NRIデジタルでの私の役割は、自主事業の創造だと認識しています。具体的には、世の中に新しい価値を生む事業を、自ら、もしくは事業会社と共同してつくりだすこと。直近では、JALのお客さまに対して「人生を豊かにする体験」を提供する会員制サービス「CLASS EXPLORER」の創設に携わりました。JALが保有する会員のさまざまなデータを活用して、顧客の潜在的なニーズや興味を引き出し、一人ひとりに合わせて体験を「お見立て」する内容です。

このサービスは、それ以前にJALとのコラボで立ち上げた旅行サービス「どこかにマイル」の「セレンディピティ(偶然発見する幸運)のある体験」の発想が出発点になっています。人は自分が好きなこと、興味があることを実はわかっていません。何かで気づかされて「私はこれが好き」と自覚する。その潜在需要を見つけるのに、データサイエンスはとても有用だと思っています。

黎明期のインターネットと未来予測

振り返れば私は昔から、事業創造志向を持っていました。野村総合研究所(NRI)在籍時も、自分で何本も自主事業を企画しています。2000年代に、テレビは現在のネットフリックスのようなオンデマンドのサービスに置き換わると予測して、「NGTV(次世代TV)」という事業を立ち上げたこともあります。たくさんの失敗もしました。それでも私が事業創造にこだわるのは、20代の頃の印象的な経験と、未来予測の仕事がきっかけになっています。

私は、日本のインターネット黎明期に大学の研究室でネットの世界を知りました。1992年にNRIに入社後は、会社の初代ウェブマスターを務めました。アメリカの伝説のソフトウェア開発者マーク・アンドリーセン氏に会いに行ったこともあります。彼は、起業家のジム・クラークとともにネットスケープ・コミュニケーションズを立ち上げ、ウェブブラウザーをつくった人です。インターネットビジネスの初期の現場を実体験し、世の中に浸透していく過程とともに仕事をしてきた私は、眼前で未来がつくられる興奮を味わいました。

その後私は、NRIで未来予測の仕事に携わります。アメリカのリサーチ会社と提携して、未来予測のさまざまな手法を学び、世界の最先端の研究所で生まれた技術などを見続けました。計算機科学者のアラン・ケイは「未来を予測する一番よい方法は、自分で創ることだ」を述べています。私の座右の銘であり、新事業創造にこだわる源泉になっています。

未来予測と失敗経験を踏まえて、新しい市場を創る

とはいえ、新事業を実現するのは難しい。

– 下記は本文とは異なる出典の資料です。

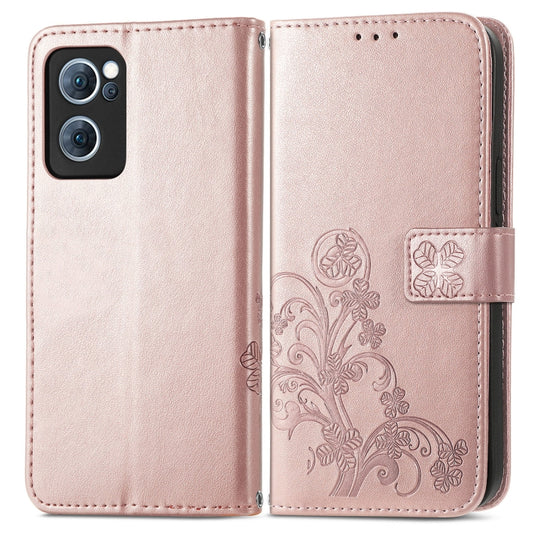 For OPPO Reno7 5G Four-leaf Clasp Embossed Buckle Leather Phone Case(Rose Gold) by buy2fix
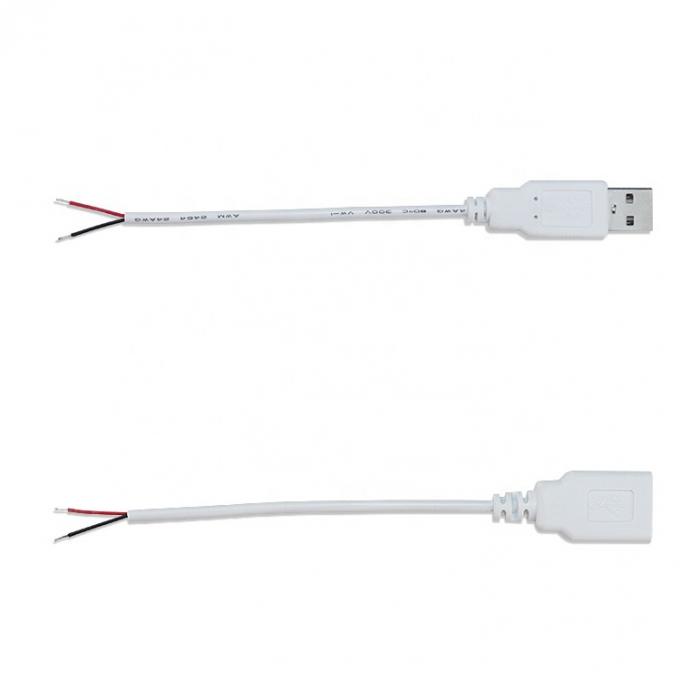 カスタム 1m 2m 3m ホワイト USB A 男性からオープンエンド 缶詰のワイヤ ブレイクアウト拡張ケーブル 1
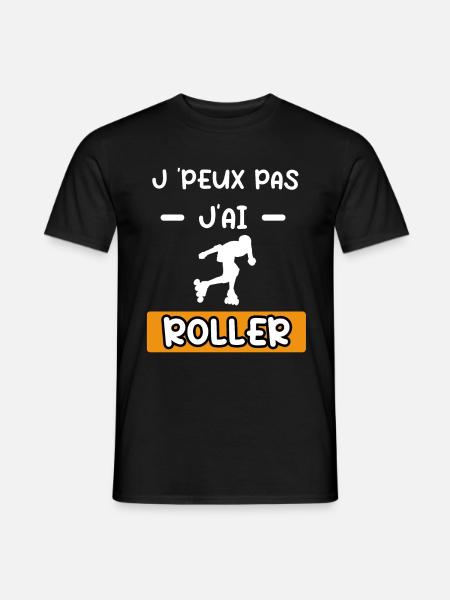 je peux pas j'ai roller cadeau roller - T-shirt homme - noir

事業がつぶれたり、そもそも立ち上がらなかったりという経験を、私は何度もしてきました。私が若い頃に会ったマーク・アンドリーセン氏は、2009年に起業家のベン・ホロウィッツとともに「アンドリーセン・ホロウィッツ」というVCを立ち上げました。両者ともイノベーションを起こした経験と、失敗をして辛酸をなめた経験があります。だから目利き力があり、事業を起こす人の立場でチャレンジを応援します。NRIデジタルにも似ているところがあって、この会社で意思決定に関わるのは、会社設立や事業開発の経験者たちです。もちろん失敗も重ねています。だから、新事業を立ち上げようとする人を支える姿勢があります。私も同様に、自分の失敗経験を生かしてサポートしたいと考えています。

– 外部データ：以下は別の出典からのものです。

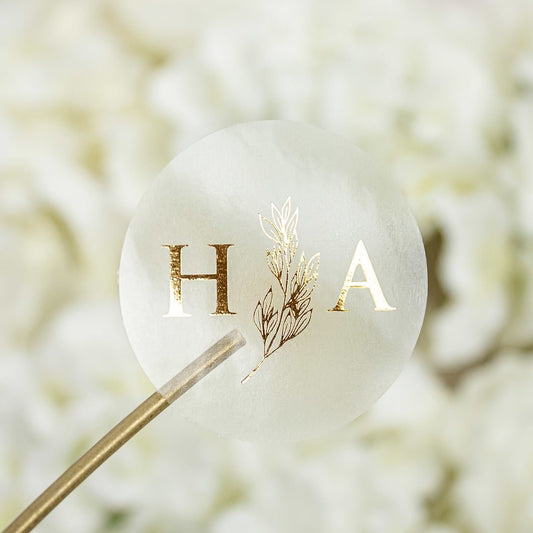 "Gréta - Sticker" - Faire-part de mariage chic, élégant et romantique avec dorure or - Wedding stationery - Création Luxe Carterie Studio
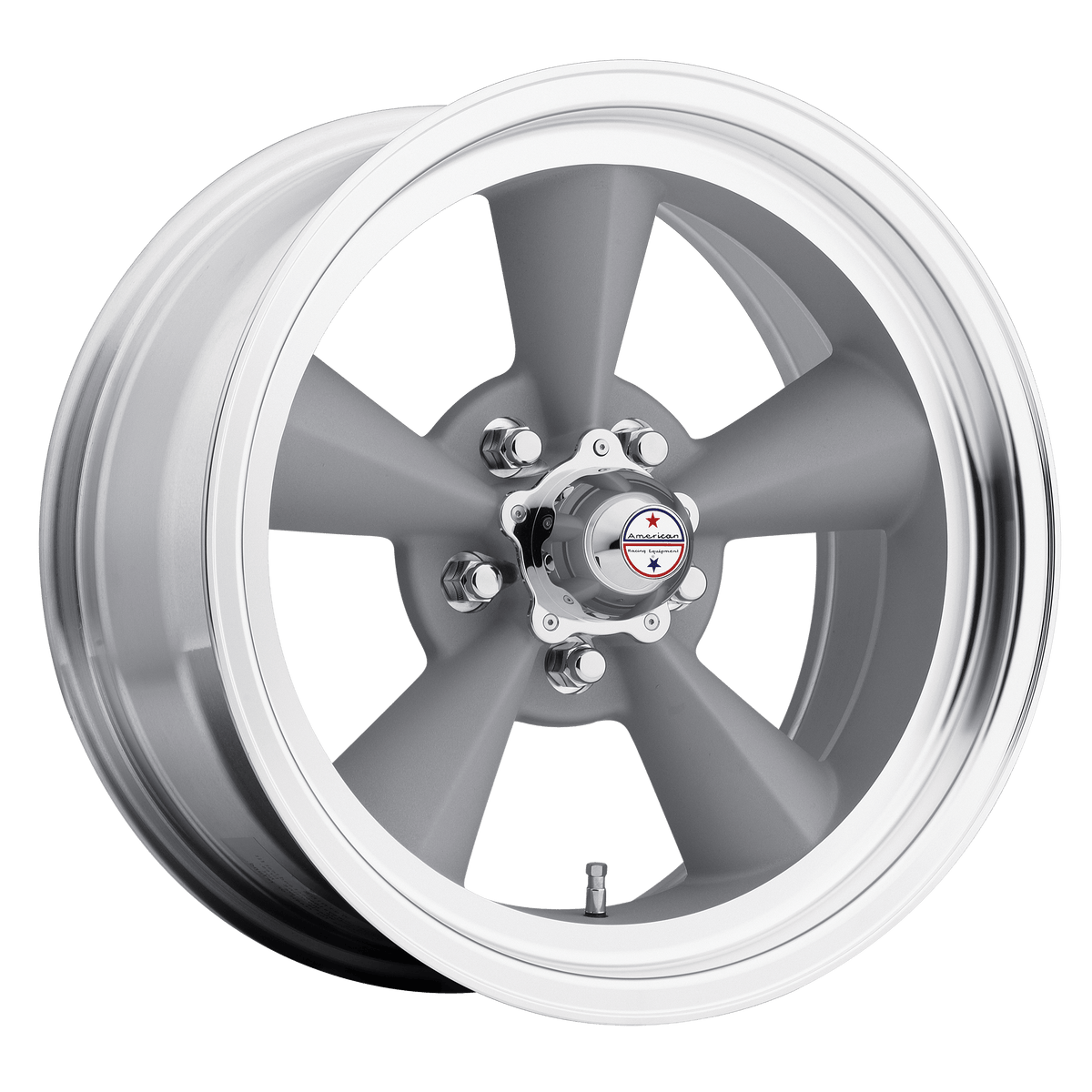 15x5 American Racing VN309 TT O Vintage Silver Mach Lip Wheel 5x4.5 (-6mm)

今後、人口減少に直面する日本の諸課題を解決するには、競合からシェアを奪うようなゼロサムゲームではなく、プラスサムの新市場創出が必要です。人が喜んでお金を払いたいと思う体験はどんなことなのか。未来予測からは、その一つは「メタバース」だと思われます。一方私は、1996年の最初のメタバース(当時は三次元仮想空間)ブームの際にサービス企画に失敗した経験を持っています。コンセプトは現在のメタバースと大きな違いはありませんが、技術や環境が成熟していなかったのです。いま私は、過去の失敗や未来予測の経験をフルに活かして、現実世界と高度に融合したメタバースサービスによって新しい市場を創造する活動に邁進しています。